**Task instructions:**
Give back the lines below exactly, but do not include any pictures.

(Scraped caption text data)
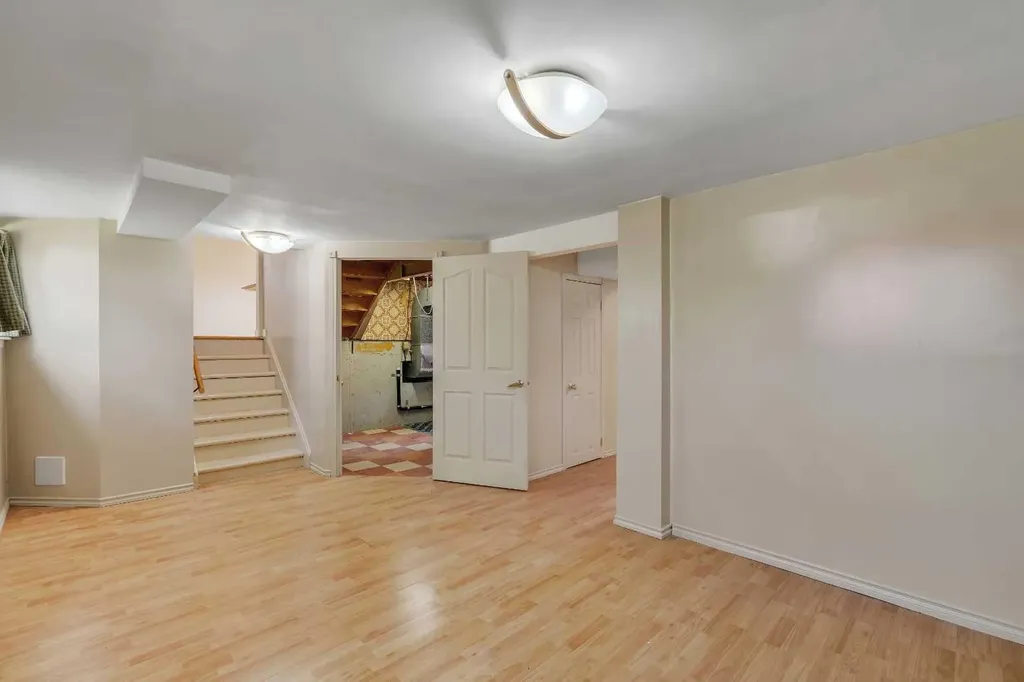 8432 Elbow Drive SW Calgary AB T2V 1K8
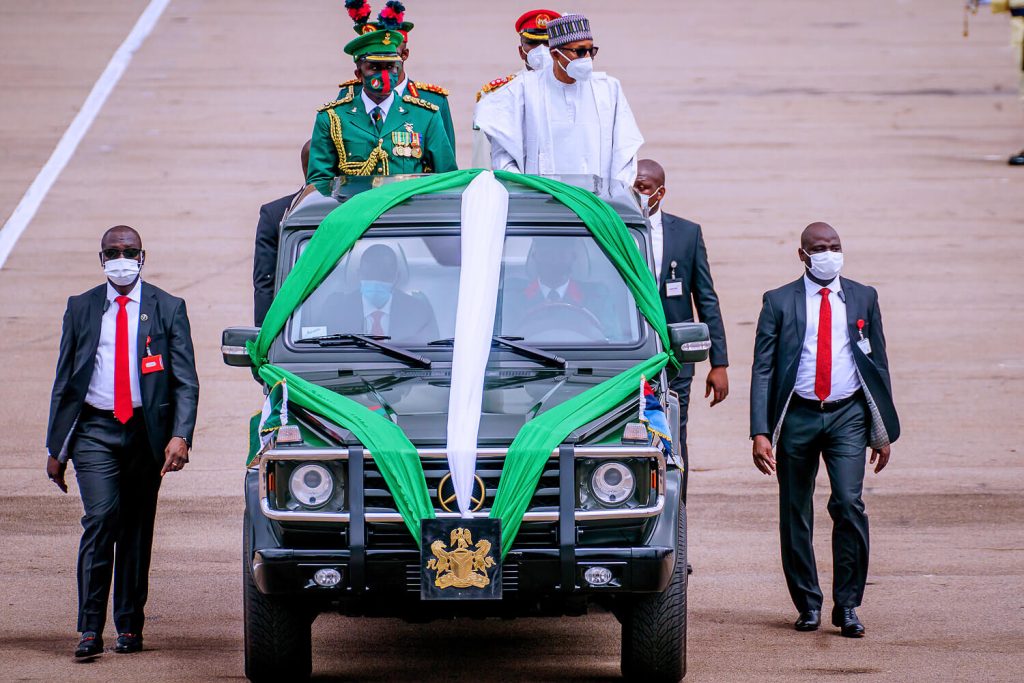 Pres Buhari Arrived Abuja Eagles Square In Armored  Mercedes Benz S550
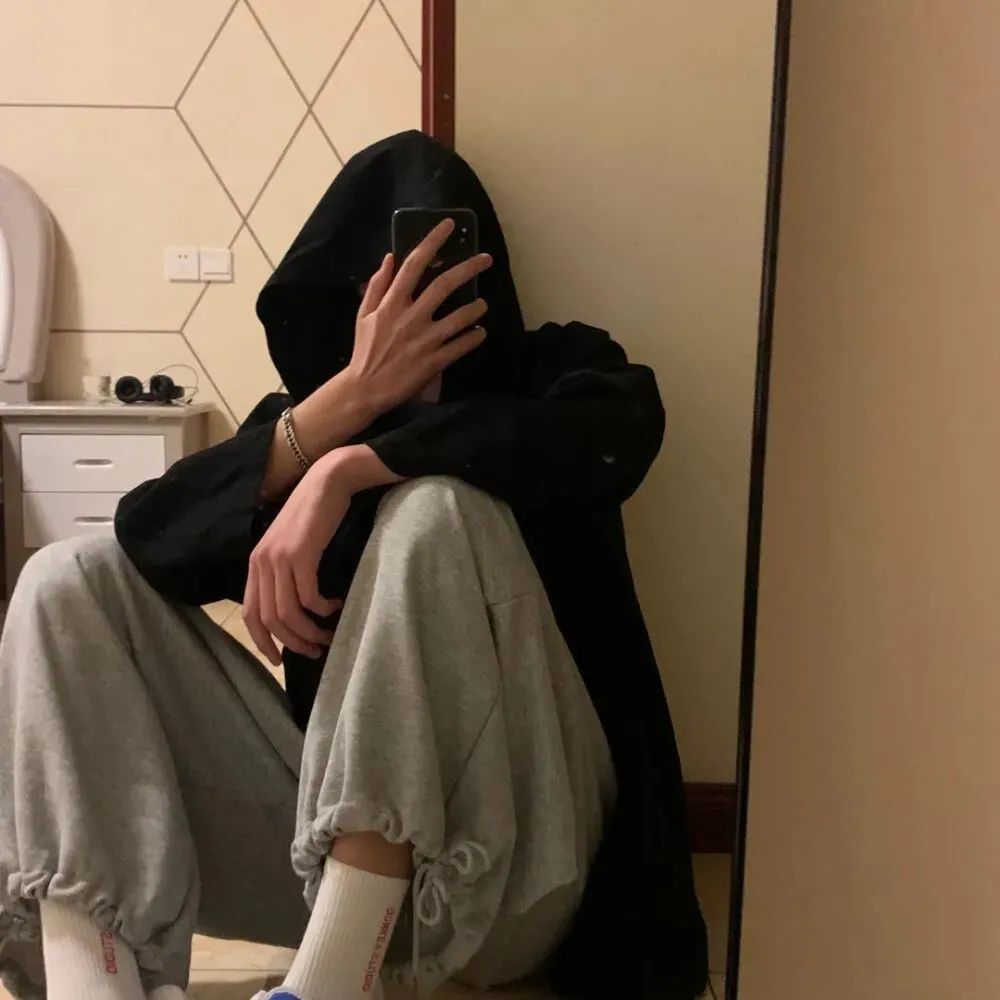 粉丝求图0610樱桃小丸子的头像jk男头爱豆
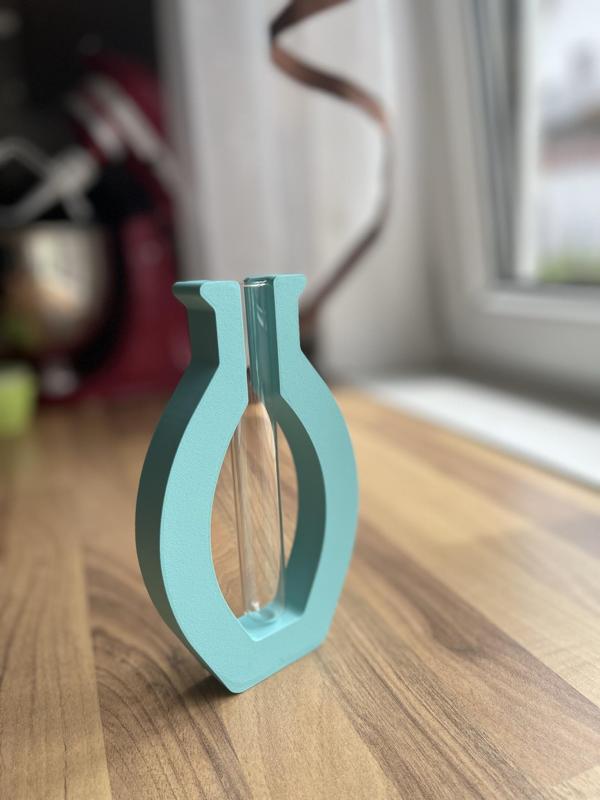 Minimalist Modern Vase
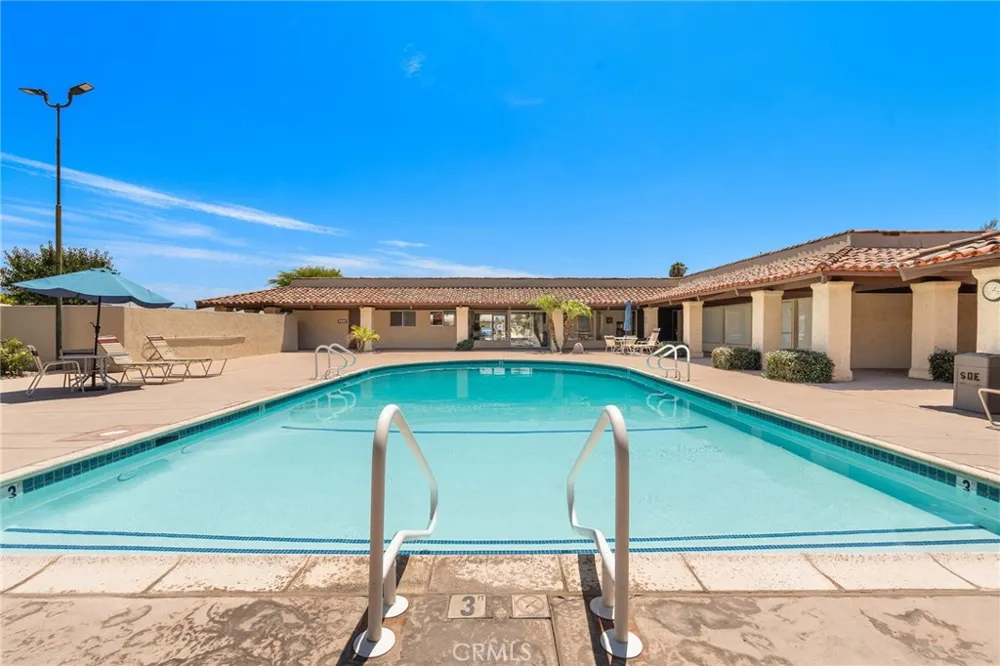 1430 Vista Grande Hemet, CA 92543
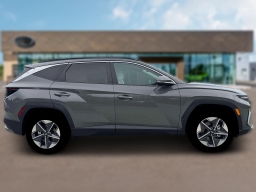 Hyundai Tucson SEL Premium AWD 2026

**Finished task:**
 8432 Elbow Drive SW Calgary AB T2V 1K8
 Pres Buhari Arrived Abuja Eagles Square In Armored  Mercedes Benz S550
 粉丝求图0610樱桃小丸子的头像jk男头爱豆
 Minimalist Modern Vase
 1430 Vista Grande Hemet, CA 92543
 Hyundai Tucson SEL Premium AWD 2026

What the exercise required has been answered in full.